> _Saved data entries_
□ □ □

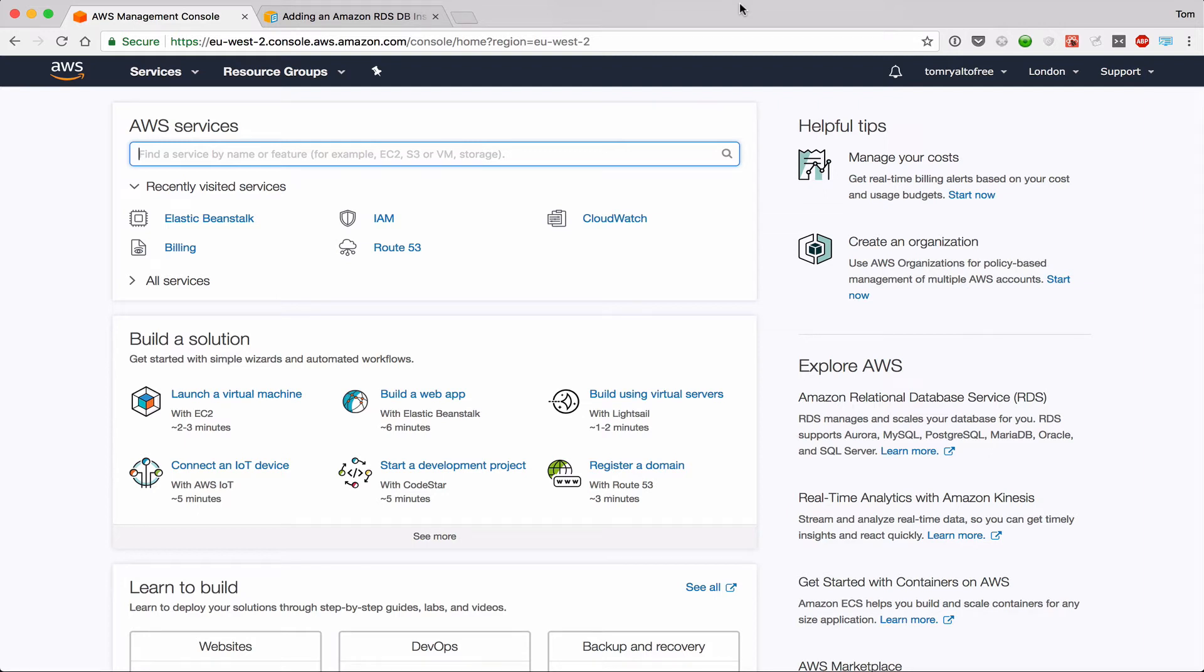Hi, in this video I'm going to talk about Elastic Beanstalk. Elastic Beanstalk is an AWS tool that allows you to get an application server up and running very quickly.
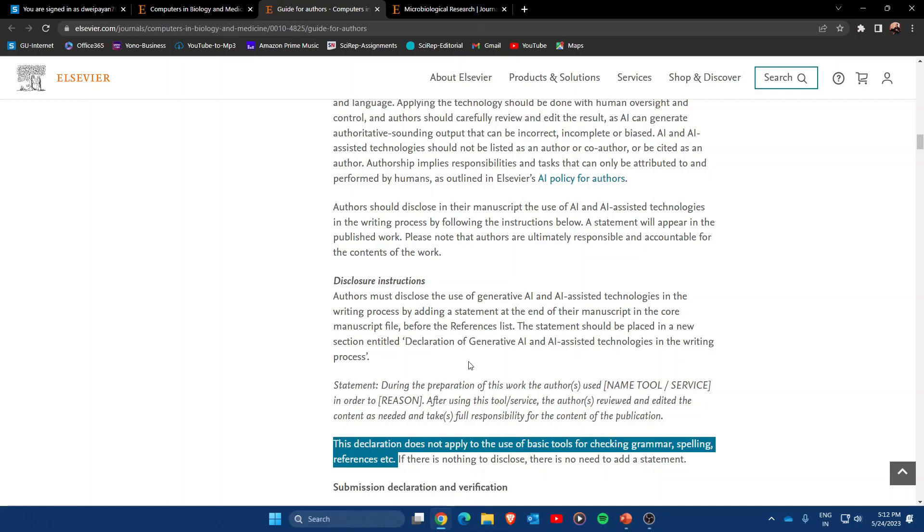So there are two key points: first, AI-written manuscripts are allowed by journals belonging to Elsevier. And second, if you are using AI models just to improve the language quality of your own work, you don't even need to provide the disclosure statement in the manuscript.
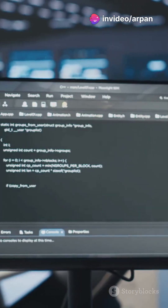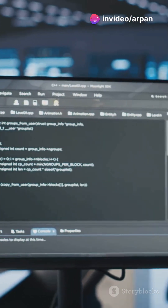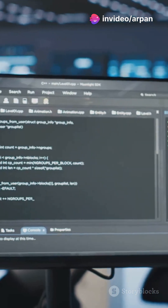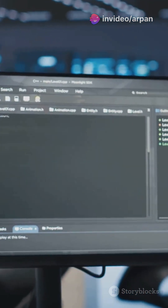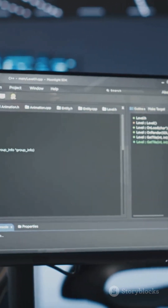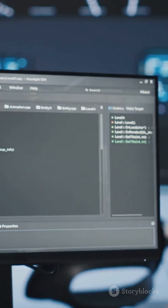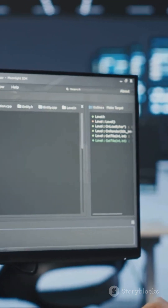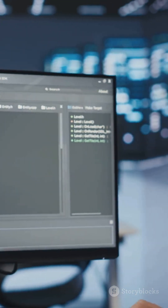Finally, use a remote desktop application, or SSH, to access your server from anywhere. And voila! You're now a tech wizard, controlling your server from anywhere in the world.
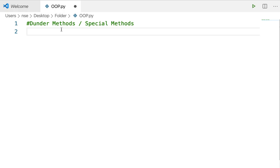Hey guys, hope you are doing good. In this video, we are going to learn about Dunder methods or special methods. These are built-in methods which help us in many ways. The name Dunder comes from the fact that these methods have a double underscore before and after their name, which has been shortened to Dunder. You're welcome to call them special methods, but I'm comfortable calling them Dunder methods. Let us see some examples so you can understand what is the use of Dunder methods.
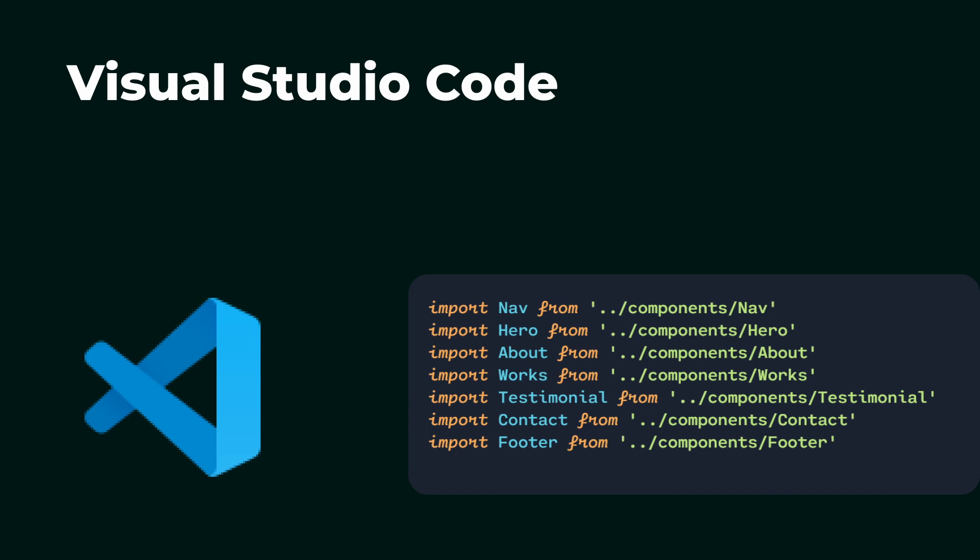Visual Studio Code is one of the most favorite code editors among developers. It is highly customizable and free. As you see in the title, we are going to customize our Visual Studio Code with cursive font.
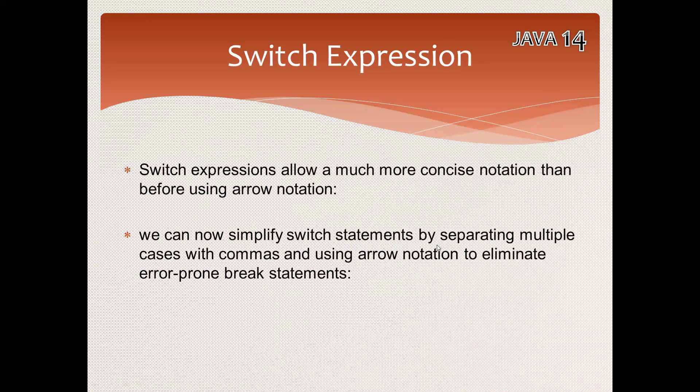We can simplify switch statements by separating multiple cases with commas. This point is very important - till now we could provide each case with only one value, but here in a single case we can provide more than one.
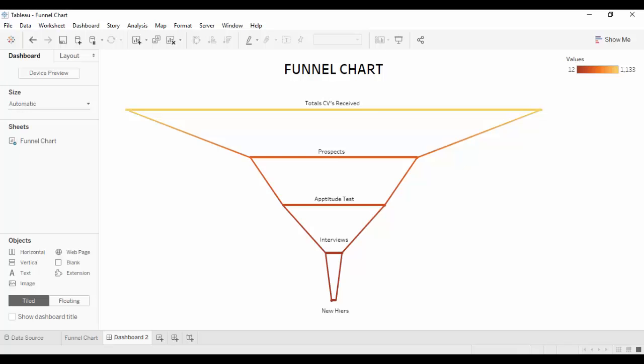Hello everyone, today I'm going to show you how to create a funnel chart. Let us try to understand what is a funnel chart.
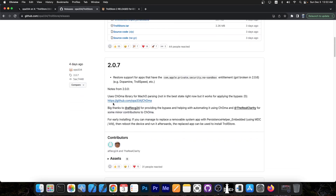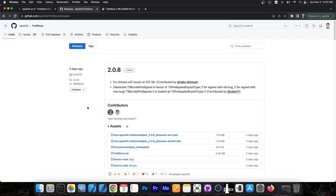A couple of days ago we also got 2.0.7, which restores support for apps that have the com.apple.private.security.no-sandbox entitlement. This is basically for those of you who want to create applications without the sandbox container, so your apps can access a lot of files on the system. This got broken in 2.0.6 and was then fixed, for example for Dopamine and TrollSpeed.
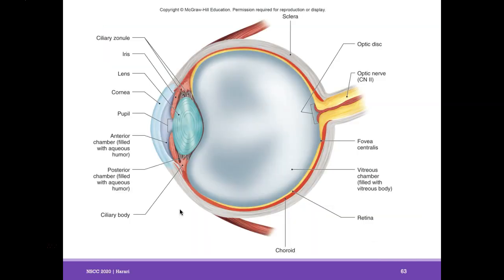At this point we've covered the sclera, choroid, retina, vitreous humor, ciliary body, suspensory ligaments, lens, iris, cornea, pupil, anterior and posterior chambers. You may want to review everything again if any of this anatomy is unclear.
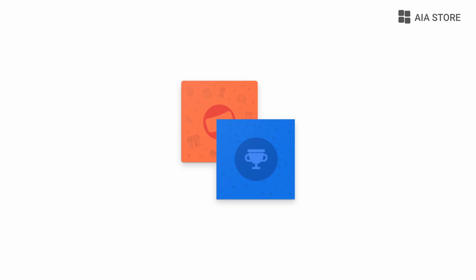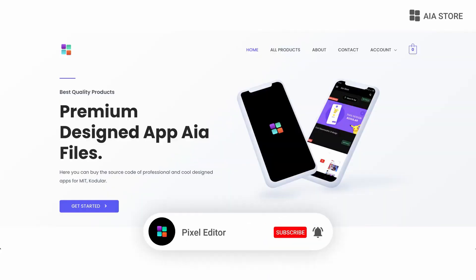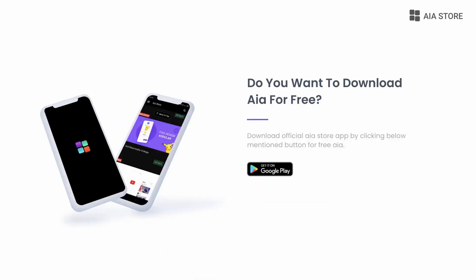Hi guys, today in this video I'm going to teach you how to create an amazing scratch card. For that I am using Niatron Builder. If you didn't visit our website yet, then please do visit. And if you want any free AIA for Codgler, then download our AIA store app. So without any further ado, let's start today's video.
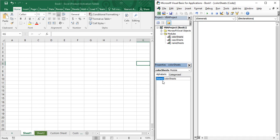Once you have opened your ColorSheets module in VBA, you are going to create a sub procedure. In this sub procedure you need to provide a name, which will be the name of our macro. I'll provide the same name as the module — 'ColorSheets' — then open and close the parentheses and press Enter.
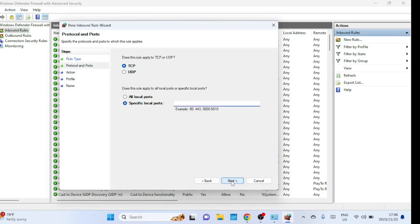In this step, you'll specify the port you want to open. You can choose between TCP and UDP protocols or both. Enter the specific port number and click next. Make sure to double check the port number to avoid any errors.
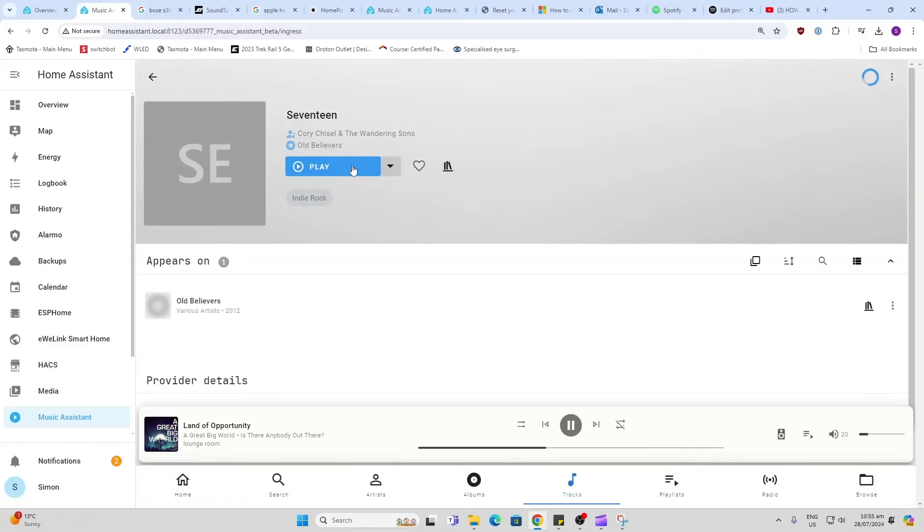I'm sure you'll agree that Music Assistant is an amazing way of managing music on your Home Assistant. Anyway, that's all for now. If you've enjoyed this content please like and subscribe and I'll see you in the next one. Bye for now.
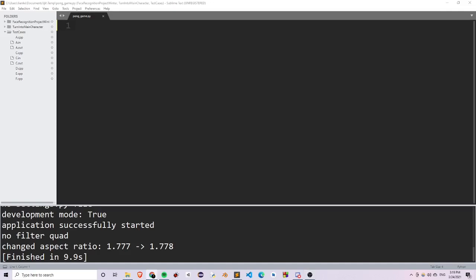Hello everyone, welcome to another Python tutorial series. In this video, I'm going to talk about how to create a 3D pong game using the Ursina engine. When I first started my channel sometime last year, I made a pong game video with the turtle module, and in this video I'm going to remake the game but in 3D with the Ursina engine. I hope you like it.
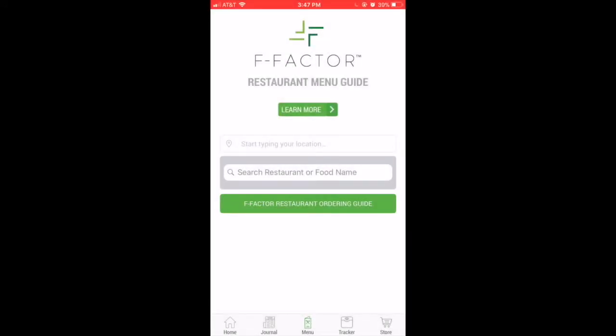You can access the restaurant menu function both in the tabs at the bottom and from the main page. Start off by typing your location.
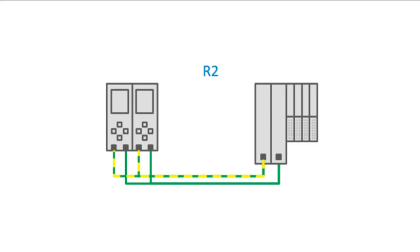This removes both single points of failure. In this configuration, one of the PLCs and one of the interface modules could fail without affecting the system, other than losing redundancy.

□ □ □

> _EXERCISE BRIEF_
Exact copy required, pictures excluded: the lines from the one holding "I'm sure you'll" through the last line of the data, both ends included.

> _SOLUTION FOR THIS EXERCISE_
I'm sure you'll agree that Music Assistant is an amazing way of managing music on your Home Assistant. Anyway, that's all for now. If you've enjoyed this content please like and subscribe and I'll see you in the next one. Bye for now.
Hello everyone, welcome to another Python tutorial series. In this video, I'm going to talk about how to create a 3D pong game using the Ursina engine. When I first started my channel sometime last year, I made a pong game video with the turtle module, and in this video I'm going to remake the game but in 3D with the Ursina engine. I hope you like it.
You can access the restaurant menu function both in the tabs at the bottom and from the main page. Start off by typing your location.
This removes both single points of failure. In this configuration, one of the PLCs and one of the interface modules could fail without affecting the system, other than losing redundancy.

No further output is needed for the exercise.